[Problem to solve]:
Within the records below is a range that opens at the line with "Salitrera Independencia /" and closes at the line with "Saint Patrick 3". Return that range word for word, both ends included, and only that range.

(Beginning of Source material)

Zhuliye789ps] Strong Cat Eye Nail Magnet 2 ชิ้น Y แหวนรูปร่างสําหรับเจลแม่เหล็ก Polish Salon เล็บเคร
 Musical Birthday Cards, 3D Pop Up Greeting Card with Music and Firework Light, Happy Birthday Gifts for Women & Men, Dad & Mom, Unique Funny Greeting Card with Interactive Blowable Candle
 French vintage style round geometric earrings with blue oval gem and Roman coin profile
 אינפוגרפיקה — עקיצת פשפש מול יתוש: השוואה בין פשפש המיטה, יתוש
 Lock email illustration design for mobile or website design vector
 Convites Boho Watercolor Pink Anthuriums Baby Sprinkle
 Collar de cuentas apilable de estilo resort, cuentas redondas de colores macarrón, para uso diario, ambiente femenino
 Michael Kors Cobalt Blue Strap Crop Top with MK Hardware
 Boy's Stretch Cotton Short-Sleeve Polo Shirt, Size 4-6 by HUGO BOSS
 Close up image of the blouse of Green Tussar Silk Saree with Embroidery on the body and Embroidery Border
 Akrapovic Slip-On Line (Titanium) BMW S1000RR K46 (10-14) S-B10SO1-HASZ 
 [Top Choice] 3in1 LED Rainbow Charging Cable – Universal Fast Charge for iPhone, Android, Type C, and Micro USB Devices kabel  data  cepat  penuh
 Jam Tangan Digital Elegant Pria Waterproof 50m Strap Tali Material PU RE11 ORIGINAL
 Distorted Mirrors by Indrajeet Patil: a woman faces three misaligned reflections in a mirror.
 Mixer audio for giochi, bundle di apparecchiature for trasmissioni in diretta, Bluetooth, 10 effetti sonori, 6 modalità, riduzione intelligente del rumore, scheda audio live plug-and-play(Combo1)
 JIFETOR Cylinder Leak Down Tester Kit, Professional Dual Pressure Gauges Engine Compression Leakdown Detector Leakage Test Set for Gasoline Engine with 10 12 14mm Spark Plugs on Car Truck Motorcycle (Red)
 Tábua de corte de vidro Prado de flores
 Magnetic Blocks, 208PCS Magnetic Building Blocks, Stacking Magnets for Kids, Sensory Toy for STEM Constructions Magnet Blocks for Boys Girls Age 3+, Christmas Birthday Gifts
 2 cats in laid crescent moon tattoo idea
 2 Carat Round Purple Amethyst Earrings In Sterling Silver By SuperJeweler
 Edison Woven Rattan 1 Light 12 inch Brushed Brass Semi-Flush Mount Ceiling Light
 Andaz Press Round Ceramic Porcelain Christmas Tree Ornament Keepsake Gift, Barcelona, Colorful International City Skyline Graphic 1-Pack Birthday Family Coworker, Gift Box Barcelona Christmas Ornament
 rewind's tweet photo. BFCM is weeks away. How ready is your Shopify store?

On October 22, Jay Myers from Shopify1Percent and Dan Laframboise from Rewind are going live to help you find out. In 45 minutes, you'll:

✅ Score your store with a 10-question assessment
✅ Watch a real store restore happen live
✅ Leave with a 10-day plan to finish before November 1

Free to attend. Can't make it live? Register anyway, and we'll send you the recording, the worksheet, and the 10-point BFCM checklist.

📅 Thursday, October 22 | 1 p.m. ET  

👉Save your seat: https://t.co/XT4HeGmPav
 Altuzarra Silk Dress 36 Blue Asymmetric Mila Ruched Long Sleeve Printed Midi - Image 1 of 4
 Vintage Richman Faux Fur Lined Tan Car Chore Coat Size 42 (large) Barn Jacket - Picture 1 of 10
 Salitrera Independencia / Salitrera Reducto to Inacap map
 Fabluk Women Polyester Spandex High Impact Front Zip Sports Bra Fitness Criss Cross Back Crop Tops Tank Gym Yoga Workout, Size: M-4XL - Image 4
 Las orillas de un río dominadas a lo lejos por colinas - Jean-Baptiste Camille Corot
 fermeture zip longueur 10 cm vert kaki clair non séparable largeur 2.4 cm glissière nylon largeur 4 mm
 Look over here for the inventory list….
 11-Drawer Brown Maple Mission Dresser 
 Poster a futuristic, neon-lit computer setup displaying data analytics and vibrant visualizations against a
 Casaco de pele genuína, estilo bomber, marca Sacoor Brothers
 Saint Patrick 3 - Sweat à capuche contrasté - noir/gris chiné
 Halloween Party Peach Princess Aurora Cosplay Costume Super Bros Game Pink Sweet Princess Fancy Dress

(End of Source material)

[Answer space]:
 Salitrera Independencia / Salitrera Reducto to Inacap map
 Fabluk Women Polyester Spandex High Impact Front Zip Sports Bra Fitness Criss Cross Back Crop Tops Tank Gym Yoga Workout, Size: M-4XL - Image 4
 Las orillas de un río dominadas a lo lejos por colinas - Jean-Baptiste Camille Corot
 fermeture zip longueur 10 cm vert kaki clair non séparable largeur 2.4 cm glissière nylon largeur 4 mm
 Look over here for the inventory list….
 11-Drawer Brown Maple Mission Dresser 
 Poster a futuristic, neon-lit computer setup displaying data analytics and vibrant visualizations against a
 Casaco de pele genuína, estilo bomber, marca Sacoor Brothers
 Saint Patrick 3 - Sweat à capuche contrasté - noir/gris chiné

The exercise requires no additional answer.